Based on these criteria, the percentage of persons alphabetised during the period between 1994-1997 is as follows:
Year |
||||
1994 |
1995 |
1996 |
1997 |
|
Women |
95,2 |
95,3 |
95,4 |
|
Men |
98,6 |
98,6 |
98,6 |
|
TOTAL |
96,8 |
96,8 |
97,0 |
97,0 |
As seen from the table, women hold a higher percentage for the 1994-1996 period. For the year of 1997, no data differentiated by sex exist. The percentage of women considered illiterate as defined by the National Statistics Commission is on the decline, from 4.8 percent in 1994, to 4.6 percent in 1996. The percentage of illiterate males is 1.4 percent of the total population. Similarly, the percentage of illiterate persons to the total population is also on the decline, from 3.2 percent in 1994, to 3 percent in 1997.
5.2. Projects, Programmes, and Literacy of Adults in Romania
5.2.1. Projects and Investigations
The evaluation of illiteracy is far from being easy. On the one hand, the expenses of a relevant evaluation, at national level, according to all scientific criteria able to inspire confidence in the possibility to generalise the data and that would take into account that the manifestations of illiteracy, are very high. Proof stands the fact that there are very few countries in possession of detailed information acquired through national investigations.

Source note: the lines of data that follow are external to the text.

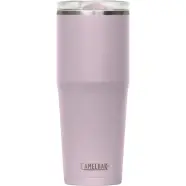 Camelbak Thrive Tumbler Vss  Oz   Purple Sky   Str   L   Termokrus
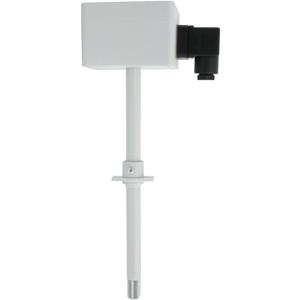 Greisinger GRHU-2K-MP Luftfeuchte-Messumformer 0% rF 100% rF Signal frei skalierbar X37632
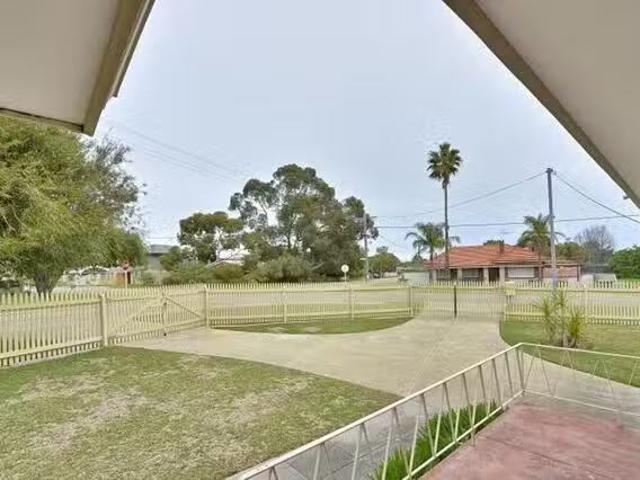 House for rent in Parklands, Western Australia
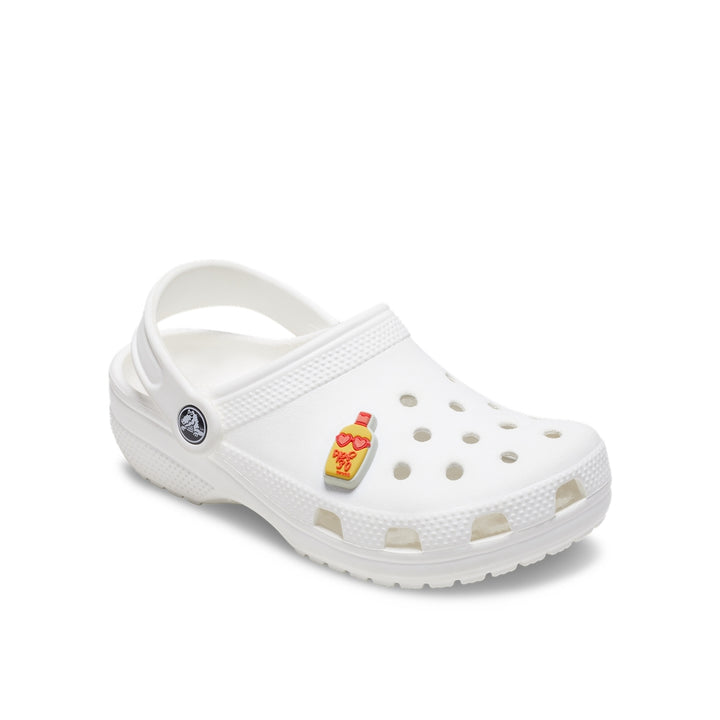 Jibbitz™ Charm Cutie Sunscreen - Crocs™ Việt Nam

On the other hand, the general framework economic, political, and social is highly important in decision making about the allocation of significant funds for such evaluation. Romania needed first a period to "acknowledge" the existence of illiteracy as a phenomenon and another period to declare literacy a priority. Given that education in general has suffered a process of reform, with priorities defined by stage and type of fields, there have been created favourable openings to the issue of literacy; during the last two years, though, available resources were directed toward launching courses and programmes, and not toward the assessment of the phenomenon.
Therefore, the information obtained through investigations undertaken by the Institute for Sciences of Education and presented in the following paragraphs retain their importance as professional information and studies that may serve as reference data and lines of reasoning to Romanias literacy programmes.
In point, the Institute for Sciences of Education undertook the following with reference to the assessment of the degree of functional illiteracy:
1990-1992 specific equipment, adequate for the population of Romania, were built and validated; the equipment includes every day tasks of reading, writing, and calculating; the equipment makes use of the Canadian methodology, considered as one of the most efficient in the world; the equipment is applied to the graduates of compulsory education.
1992-1993 a pilot-investigation was conducted on the "risk" population, i.e., graduates of the industrial evening high schools, rural area population, conscripts, law offenders.
1992-1993 an opinion investigation was conducted by 570 educators in primary and gymnasium education (institutors, teachers of Romanian and maths, speciality inspectors) on the need to set up courses on adult literacy and the possibility of teacher involvement in such courses.
1994 a nation-wide inquiry was conducted on a representative sample about the reading, writing, and calculating abilities of compulsory education graduates.
1996 an investigation was conducted among the disavantaged school population (graduates of compulsory education) in an area of Bucharest.